After removing deaths and controlling for potential confounders, we still found that the median length of hospital stay in the RBV/IFN-α group was longer than for the No RBV/IFN-α group. Studies suggested that the timing of IFN-I administration played a crucial role in therapeutic efficacy and IFN-I might fail to inhibit viral replication and had pro-inflammatory side-effects when administration was delayed (Hung et al., 2020, Channappanavar et al., 2019). In a recent study finding the advantages of early triple antiviral therapy (Hung et al., 2020) IFN-β1b injection was omitted to avoid its side-effects when patients with COVID-19 were recruited and treated between days 7 and 14 of symptom onset. Of note, the median number of days from symptom onset to admission was 10 days (IQR 5-15) for our patients recruited, but the timing of use of IFN-α was not restricted. Therefore, the inappropriate timing of IFN-α might lead to delayed rehabilitation of discharged patients and thus prolonged hospital stay.

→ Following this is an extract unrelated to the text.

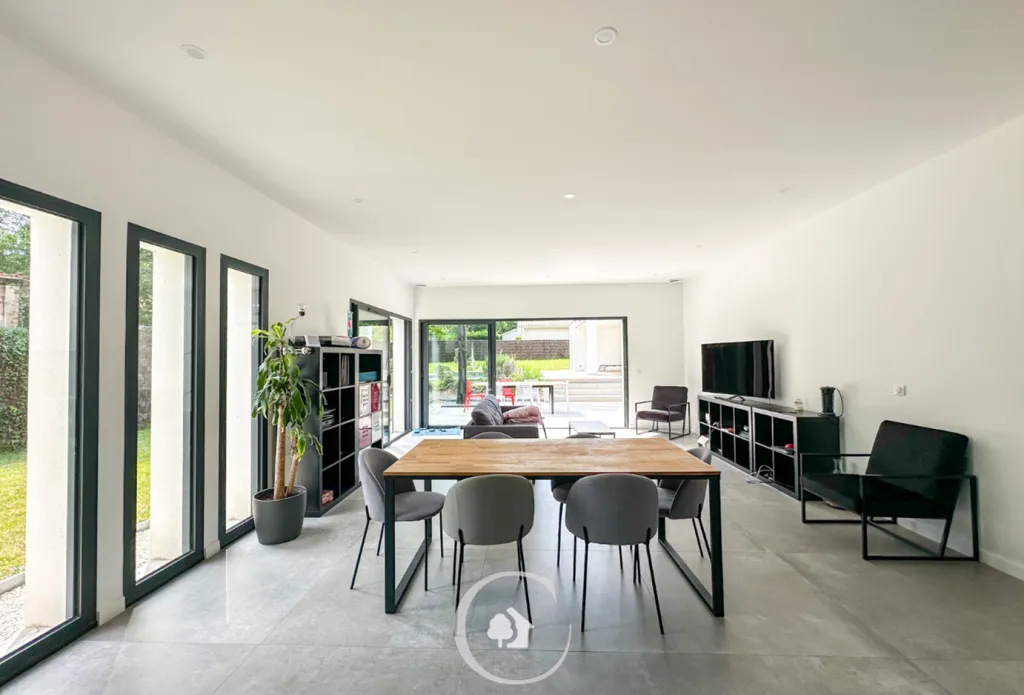 Sala da pranzo - Architect's Villa with Pool in Blanquefort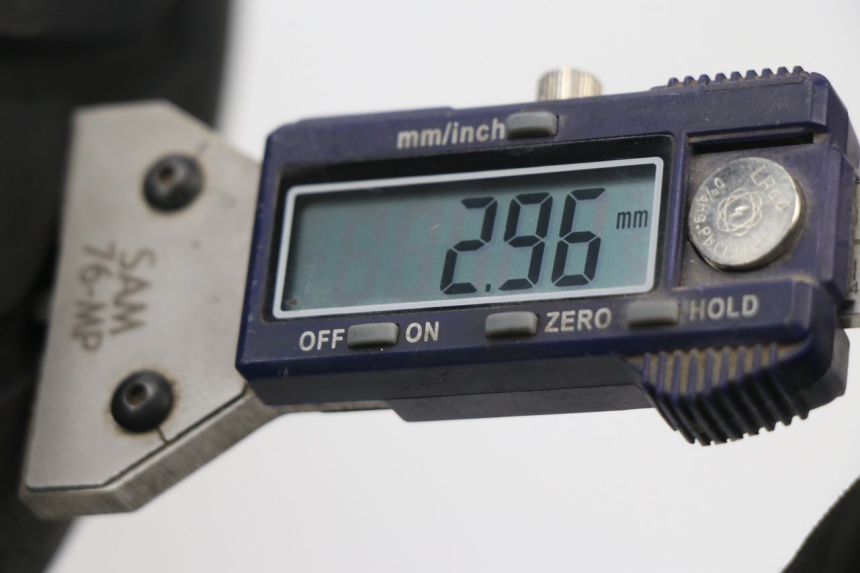 photo de VORDERRADFELGE KYMCO AGILITY CITY 16P 125 (2015 - 2021) - Zoom auf Gebrauchszustand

In terms of drug safety, there was no difference in side-effects between the 2 groups except for decreased hemoglobin and increased uric acid. Anemia was a recognized complication of ribavirin therapy and was noted in previous studies investigating the role of ribavirin in the treatment of SARS coronavirus infection (Omrani et al., 2014, Knowles et al., 2003). Although RBV/IFN-α therapy had a significant effect on uric acid levels, the change did not result in serious renal dysfunction according to the data (uric acid = 324.7 μmmol/L) after treatment.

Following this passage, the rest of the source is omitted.